## Your objective
Return every entry below word for word and leave out any picture.

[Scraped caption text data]
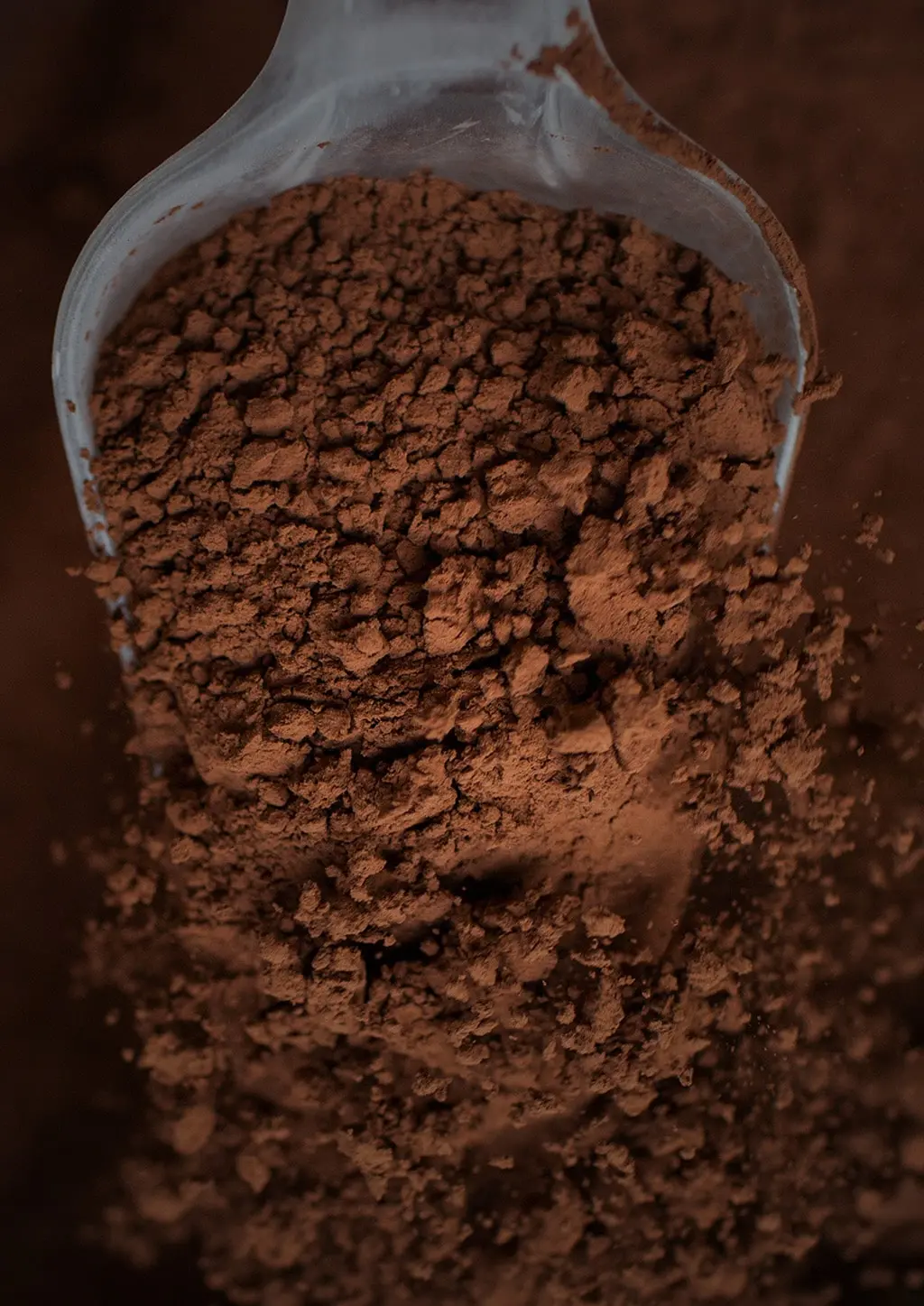 Natural and alkalised cocoa powder samples showing colour variety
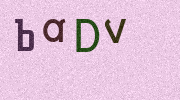 Visual Confirmation Security Code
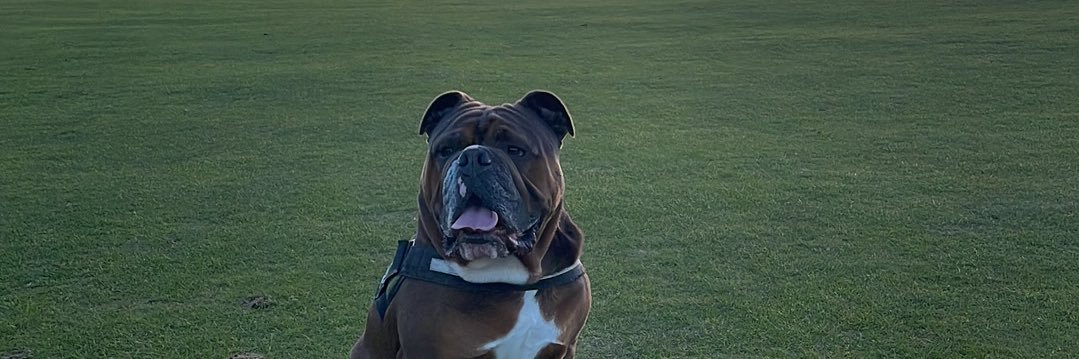 Coll Donaldson banner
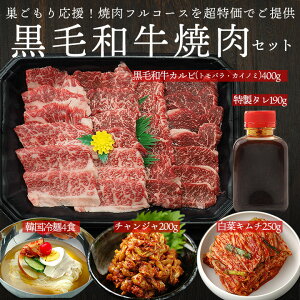 韓国冷麺 セット 肉類の通販 価格比較 価格 Com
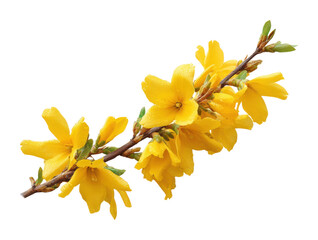 Vibrant yellow flowers blooming in nature view spring. Isolated on transparent background, png.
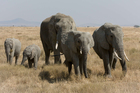 Foto's olifanten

## Finished exercise
 Natural and alkalised cocoa powder samples showing colour variety
 Visual Confirmation Security Code
 Coll Donaldson banner
 韓国冷麺 セット 肉類の通販 価格比較 価格 Com
 Vibrant yellow flowers blooming in nature view spring. Isolated on transparent background, png.
 Foto's olifanten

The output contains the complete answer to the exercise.